Win shares compares a player to replacement level. Loss shares compares a player to ideal level. Both are needed to get the full picture of a player's performance. So why not do the same for roto values? Let's compare a batter's AVG to both a replacement level (anticipated last place AVG) and an ideal level (anticipated first place AVG). This would measure how much a player helps pull you up from the dredges of last place, but also how much he's preventing your team from finishing in first. Here's an example:

Derek Jeter AVG: .280 in 600 ABs
Erubiel Durazo AVG: .270 in 450 ABS
last place AVG: .260
first place AVG: .290

DJ netHits = (.280-.260)*600 - (.290-.280)*600 = 12-6 = 6
Ruby netHits = (.270-.260)*450 - (.290-.270)*450 = 4.5-9 = -4.5

What does this number really mean? Well, let's do some algebra (oooooh):

netHits = (plAVG-repAVG)*AB-(idealAVG-plAVG)*AB
netHits = [(plAVG-repAVG)-(idealAVG-plAVG)]*AB
netHits = [2*plAVG-(repAVG+idealAVG)]*AB
netHits = [2*plAVG-2*(meanAVG)]*AB where meanAVG is the mean of repAVG and idealAVG
netHits = 2*(plAVG-meanAVG)*AB

This is simply twice the number of extra hits when using meanAVG as the baseline. It would have to be tested, but I'm pretty sure the mean of the repAVG and idealAVG is pretty close the mean AVG of the draftable player pool. Since multiplying counting stats by constants doesn't affect value, using this method is the same as using extra hits compared to meanAVG.
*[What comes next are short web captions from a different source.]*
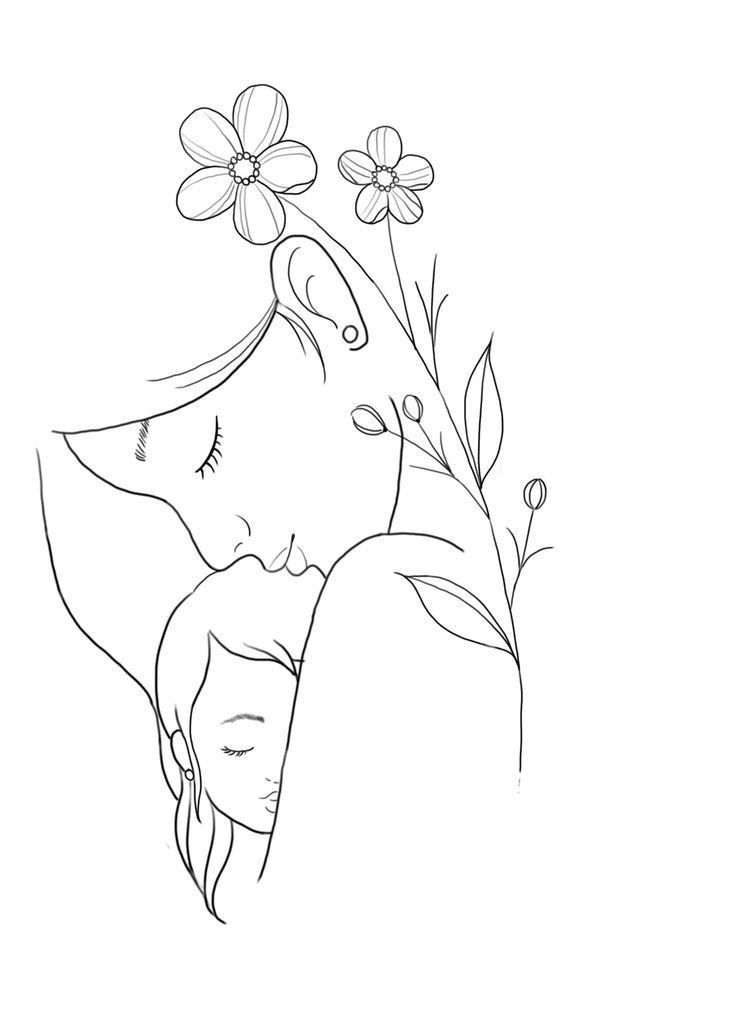 Desenho para Desenhar Mãe e filha com flores ao fundo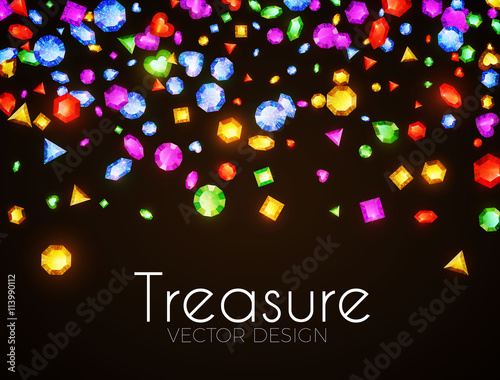 Vector illustration. Falling Multicolor Gems. Treasure Design. Abstract Luxury and Game Background.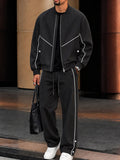 Urban Relaxed Contrast Piping Jacket Pants Set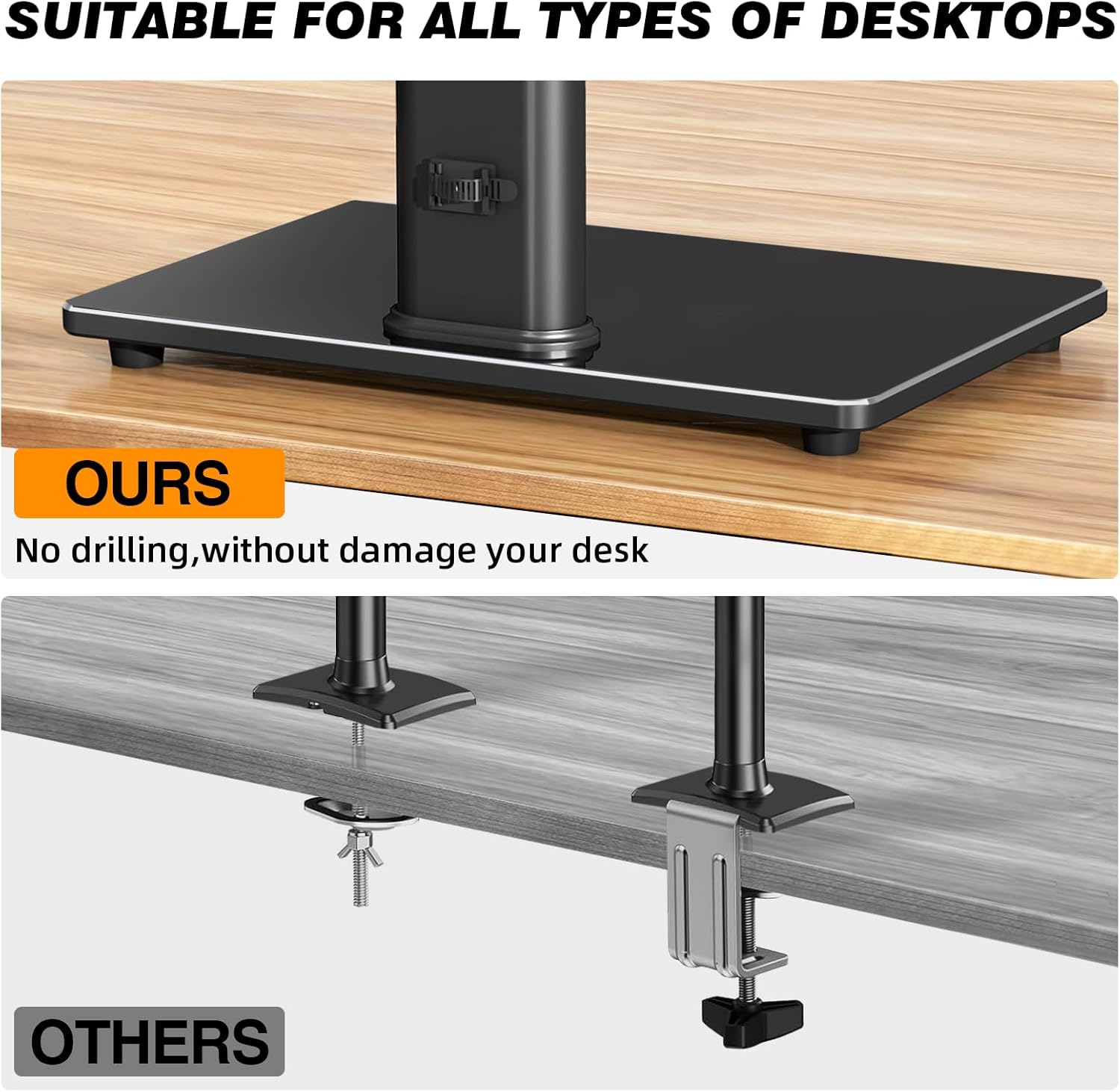 Single Monitor Stand VESA Mount for 13-32 Inch Screens, Free-Standing Monitor Riser with Swivel Tilt Rotation Height Adjustable, Universal Desk Stand up to 44lbs, VESA 75x75, 100x100mm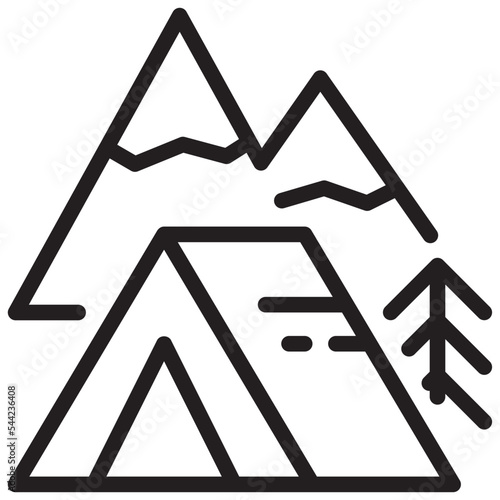 tent camping mountain campground travel simple line icon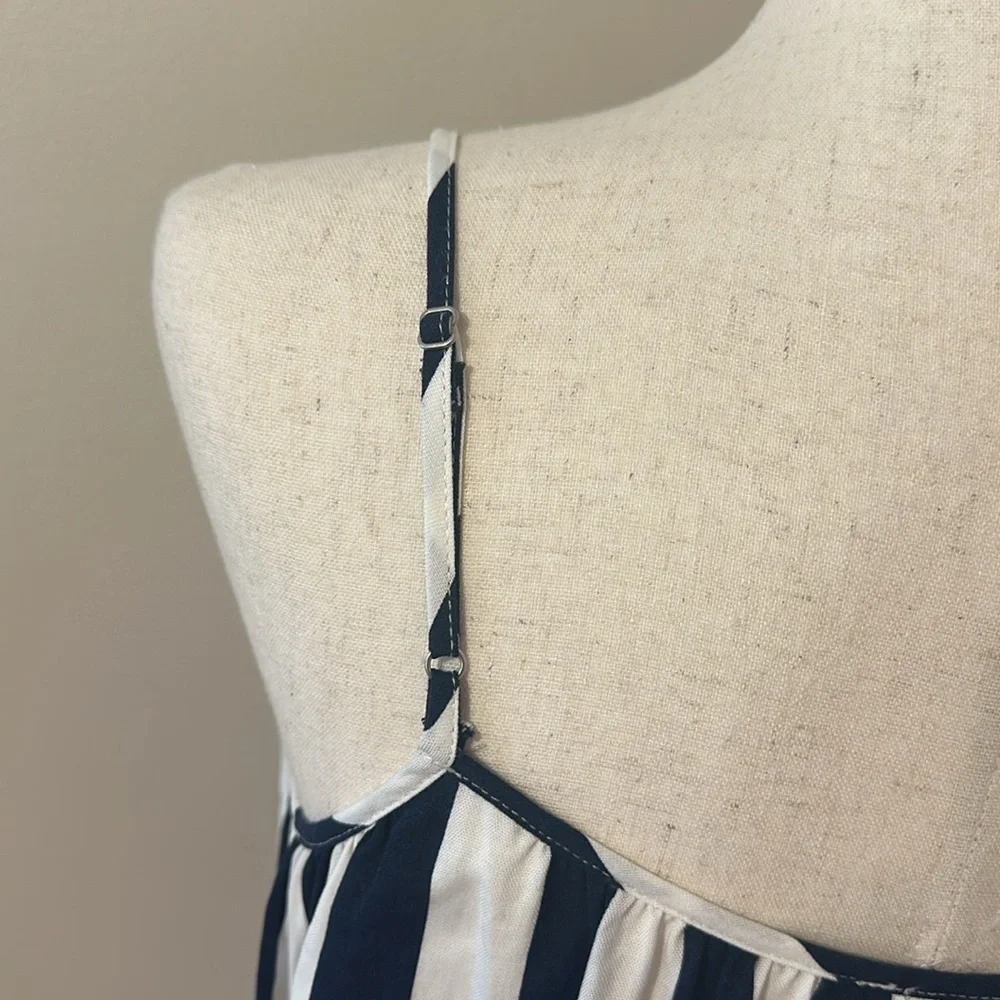 Gianni Bini Women’s Navy & White Striped Sundress Dress Rope Belt Size XS NWT - Picture 7 of 11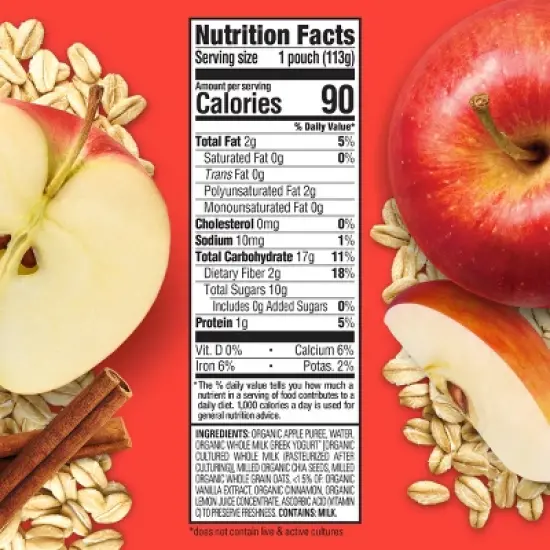 HappyTot Super Morning Organic Apples Cinnamon Yogurt & Oats with Superchia Baby Food Pouch - 4oz image {4}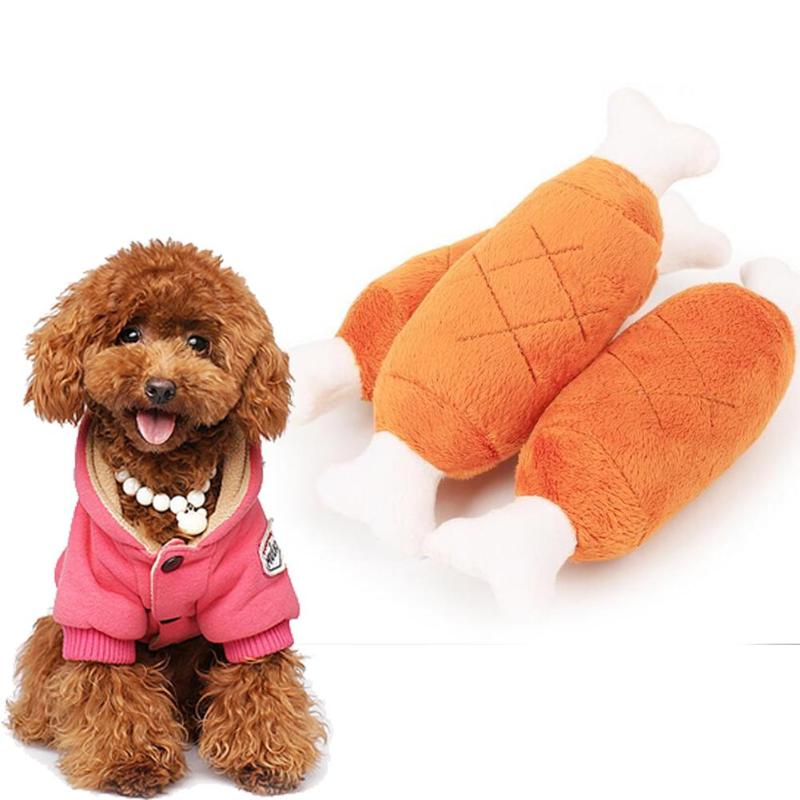 Bones Shape Plush Sound Chew Toys for Cat Dog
This excercise is just one more thing that makes me think using meanAVG as the baseline has some merit over repAVG. I remember Todd Zola claiming repAVG is better because the empirical results turn out "better," but I wonder if that isn't more an issue of making up for faulty projections versus theoretically correct. I guess it should be tested using year-end stats and values.


6.25.2003
 
Win Shares + Loss Shares = Game Shares

This was originally a post at RotoJunkie. It's been modified to seem more like an article for my blog. If you want to comment, head on over to the Sabrmetrics forum. Enjoy...

As a burgeoning Sabrmetrics groupie a few years ago when Win Shares hit the market, I ate it up. I thought it was the coolest ranking method. Well, almost the coolest. You see, there were things that just bugged me about Bill James' Win Shares system, mostly the (many parts) where James made decisions more subjectively than objectively. For example, those weird 40/30/20/10 weighted scales for valuing individual defense, the 52/48 argument (I think pitchers are undervalued, so I'll give 'em more points), and the fact that a team's Win Shares are directly proportional to wins, when there is a lot of variability in wins given a certain ability level. But it wasn't until I really started doing lots of my own baseball analysis that something else started to bug me. I couldn't explain it until I read a pdf document put together by TangoTiger and Rob Wood from Baseball Primer. Plain and simple...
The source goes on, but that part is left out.